Pero la vocación no conformista de Cowell se advierte desde temprano, y bien temprano, ya que siendo solo un adolescente escribió The Tides of Mananaun (1912), donde la modalidad y los nacientes clusters colisionan en un mundo sonoro que ya no tiene nada que ver con romanticismos ni impresionismos. Diatonicismo, material pentatónico y modos conviven con atonalidad libre en un corpus pianístico diverso, único. Un enfoque más feroz se aprecia en What’s This (1914), Dynamic Motion (1914) y Tiger (1928). Más allá del piano, Cowell fue un compositor inmensamente prolífico, con centenares de obras orquestales, de cámara, una ópera aun no estrenada (sobre el libertador chileno Bernardo O’Higgins), y que en su etapa tardía se nutrió del estudio de músicas no occidentales, principalmente de Japón e Irán.
Si Cowell es el más influyente, entonces George Antheil (1900-1959) es el más famoso. Una reputación que recae principalmente en una sola composición que marcaría una época, pero que al mismo tiempo provocó una incomprensión que solo en décadas recientes se ha diluido para mostrar la obra en su real magnitud. Hablamos del controversial Ballet mécanique, completado en 1924. Esta confluencia de primitivismo atávico (influenciado sin duda por La consagración), y la estética mecanicista propia de los futuristas italianos en la era de los rascacielos, es la suma de algo que el compositor-pianista ya venía trabajando. Comenzando con la seminal Fuegos artificiales de 1919, pasando por sus Sonata núm. 2 “El avión” (1921), núm. 3 “La muerte de las máquinas” (1923) y la Sonata Sauvage (1923), hasta llegar a la suite Mecanismos (1923), antecedente directo del Ballet, Antheil escandalizó a las audiencias europeas, entre las que se podía ver desde peleas de puños hasta la admiración de personajes como Erik Satie. La promoción de sus conciertos como un espectáculo casi de varietés no ayudó a reflejar su música como algo serio en ciertos círculos.
Al igual que en Cowell, los clusters aparecen en la música de Antheil como ingrediente ineludible, a veces perpetrados con uso de puños y antebrazos. Antheil también utiliza recursos y gestualidades tomadas del jazz y el ragtime, tales como amplios glissandi, y que aparecen muy explícitos en obras como la Jazz Sonata de 1922 o A Jazz Symphony, 1927 (una especie de respuesta “antheiliana” a la Rhapsody in Blue de Gershwin, y comisionada también por Paul Whiteman).
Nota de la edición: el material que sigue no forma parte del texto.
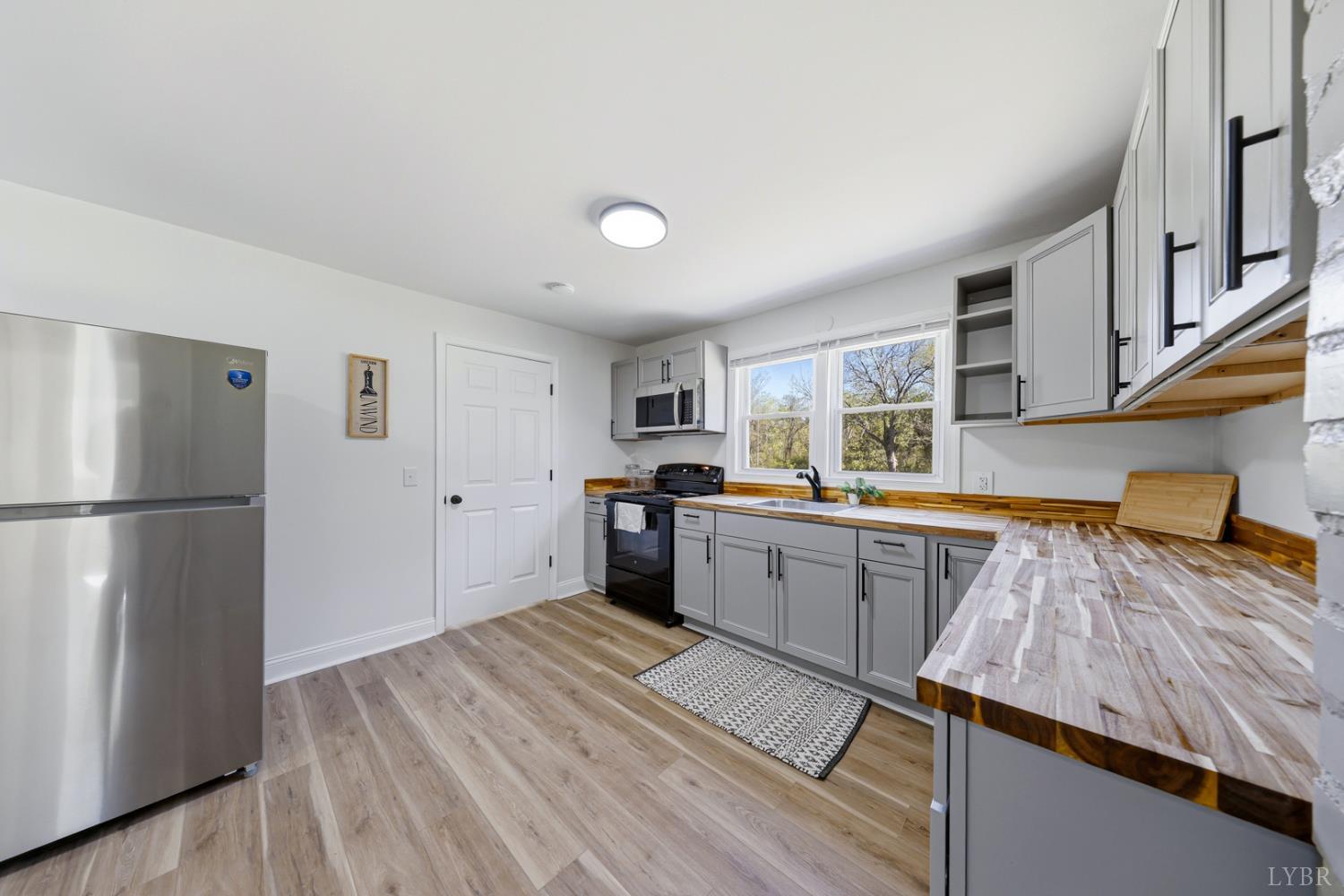 1410 Lynch Road Altavista, VA 24517 - Photo 8 of 34 a kitchen with a refrigerator and a sink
El piano continuó siendo importante para Antheil incluso cuando dejó de realizar conciertos para enfocarse exclusivamente en la composición. Absorbido por la moda neoclásica parisina, finalmente derivó en su estilo definitivo: del neo-romanticismo al sinfonismo ruso tipo Prokofiev-Shostakovich y al estilo del New Deal americano capitaneado por Copland, Harris y Hanson. Durante este proceso sigue gestando obras pianísticas, pero que no alcanzan la frescura de su período más radical.